### Exercise goal
Each entry that follows should be set down precisely, with its pictures removed.

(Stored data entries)
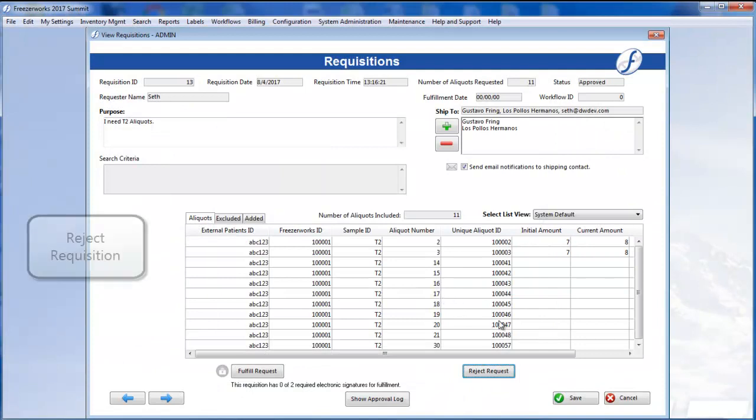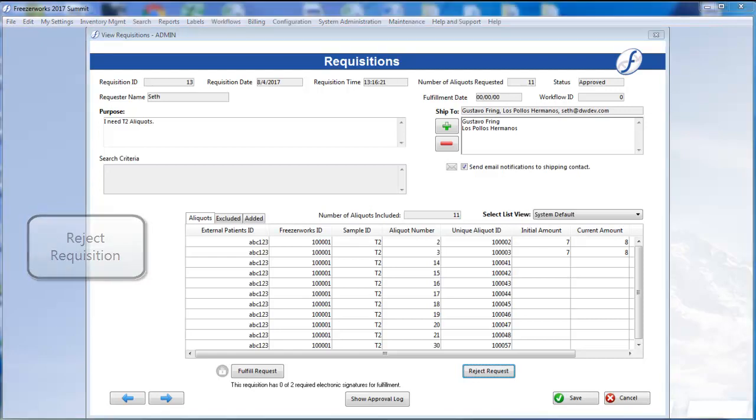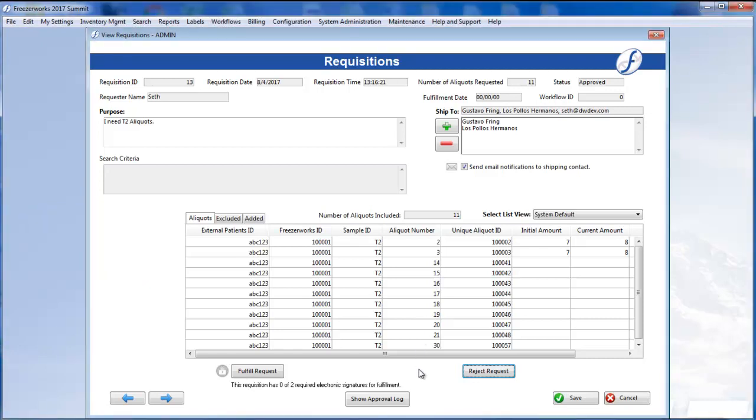So now let's reject a requisition. Even though this requisition has already been fully approved, it can still be rejected up until it is actually fulfilled and a workflow is run on the aliquots. We'll discuss this in the next video.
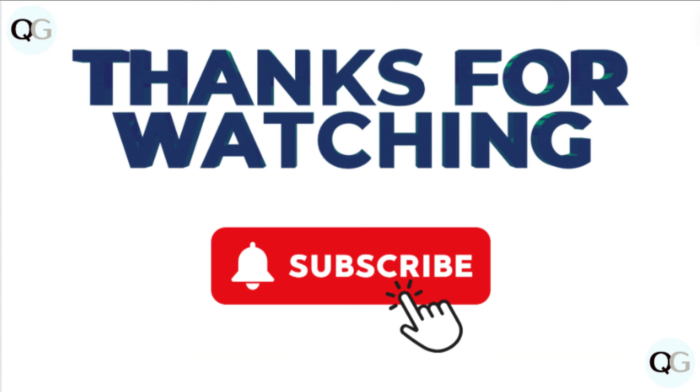If you find this video helpful, like it and share it with your friends. For more such helpful videos, subscribe to our channel.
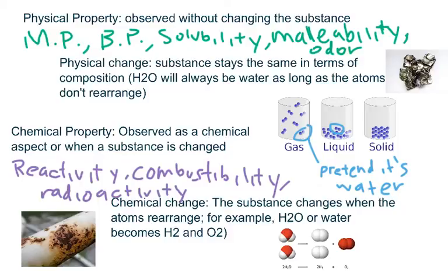Hi everybody. Substances have many properties or qualities like boiling point, conductivity, or how well they conduct electricity, and density.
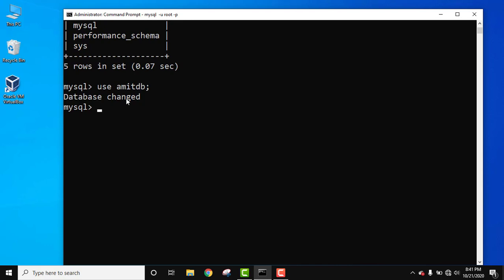Now we need to create a table using the create table command. Let's create a table called employee with five columns. Use create table command, then enter the table name.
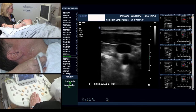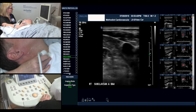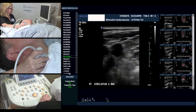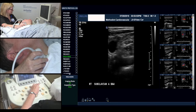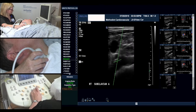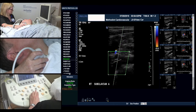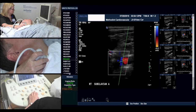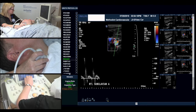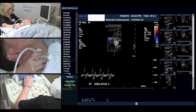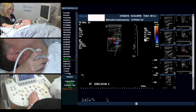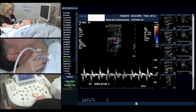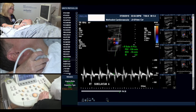From here we'll go to our subclavian. Go back into a transverse approach and we angle down towards the clavicle, adjusting our focus. We'll adjust our scale for color filling, and again obtaining our velocities.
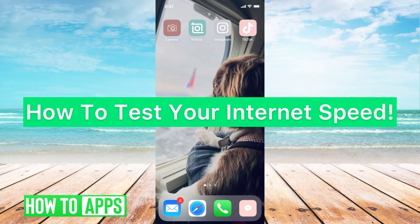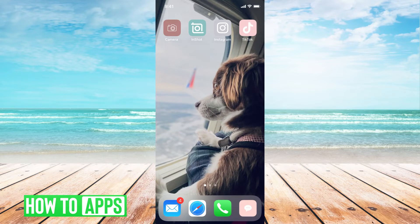Hey guys, it's Michaela and today I'm going to walk you through how to test your internet speed. It's pretty quick and simple, so let's jump in. You can do this from your phone or from your desktop — it doesn't matter which, and it's basically the exact same process either way. I'm just going to go to Safari on my phone.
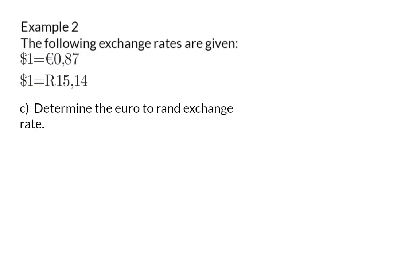Question c. Determine the euro to rand exchange rate. We received two exchange rates comparing the dollar to two different currencies. Now we need to take those currencies and compare them.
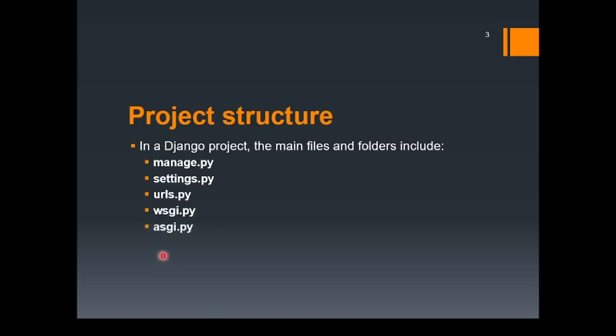Further, we have ASGI, which is quite similar to WSGI, but this file is used for asynchronous server gateway interface. This is specifically for handling asynchronous code in Django.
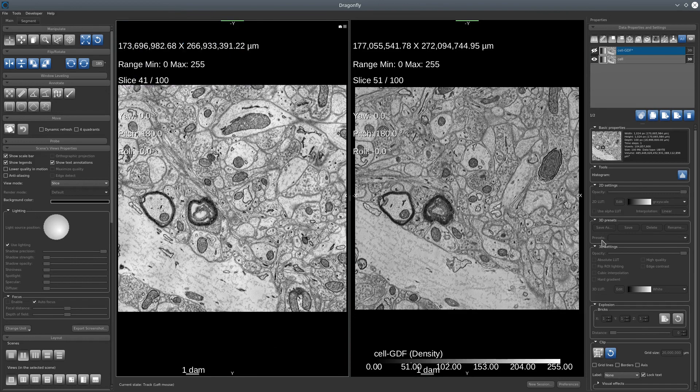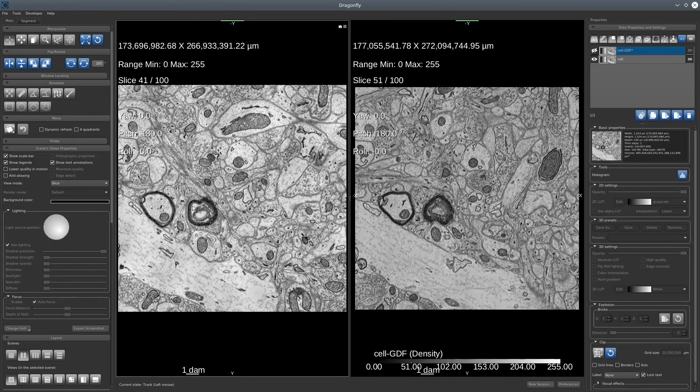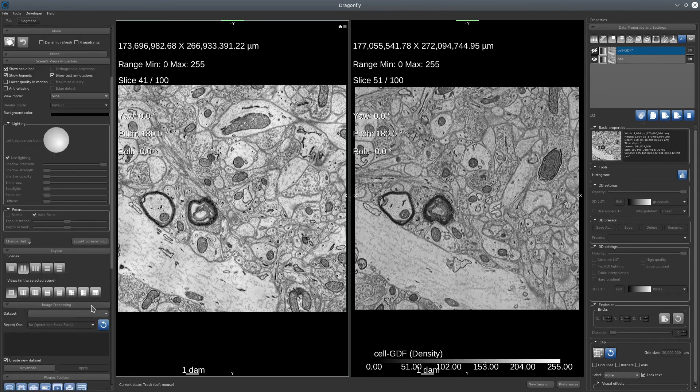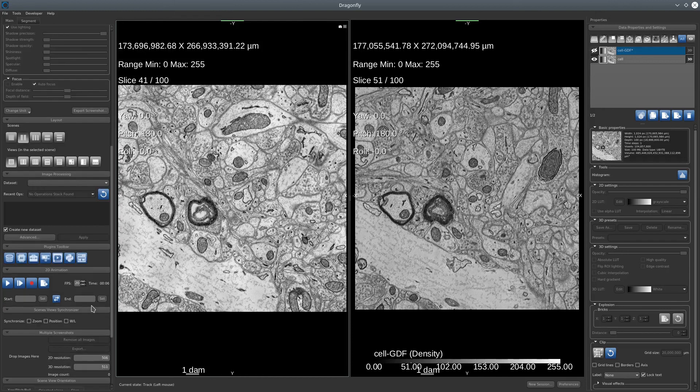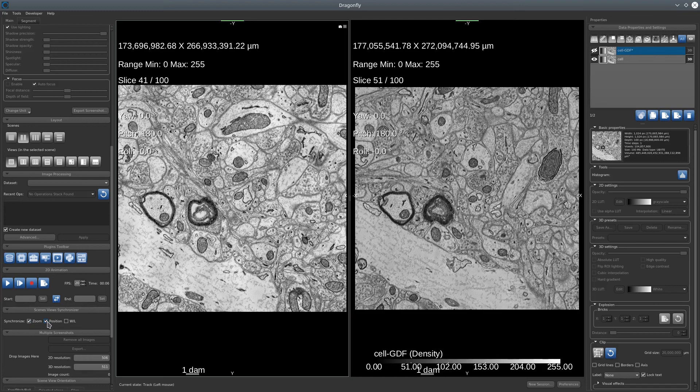To synchronize my slice, we'll just go in the scene view synchronizer and select zoom position. And do the same with the other view.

### Exercise answer
So now let's reject a requisition. Even though this requisition has already been fully approved, it can still be rejected up until it is actually fulfilled and a workflow is run on the aliquots. We'll discuss this in the next video.
If you find this video helpful, like it and share it with your friends. For more such helpful videos, subscribe to our channel.
Hi everybody. Substances have many properties or qualities like boiling point, conductivity, or how well they conduct electricity, and density.
Now we need to create a table using the create table command. Let's create a table called employee with five columns. Use create table command, then enter the table name.
From here we'll go to our subclavian. Go back into a transverse approach and we angle down towards the clavicle, adjusting our focus. We'll adjust our scale for color filling, and again obtaining our velocities.
Hey guys, it's Michaela and today I'm going to walk you through how to test your internet speed. It's pretty quick and simple, so let's jump in. You can do this from your phone or from your desktop — it doesn't matter which, and it's basically the exact same process either way. I'm just going to go to Safari on my phone.
Question c. Determine the euro to rand exchange rate. We received two exchange rates comparing the dollar to two different currencies. Now we need to take those currencies and compare them.
Further, we have ASGI, which is quite similar to WSGI, but this file is used for asynchronous server gateway interface. This is specifically for handling asynchronous code in Django.
To synchronize my slice, we'll just go in the scene view synchronizer and select zoom position. And do the same with the other view.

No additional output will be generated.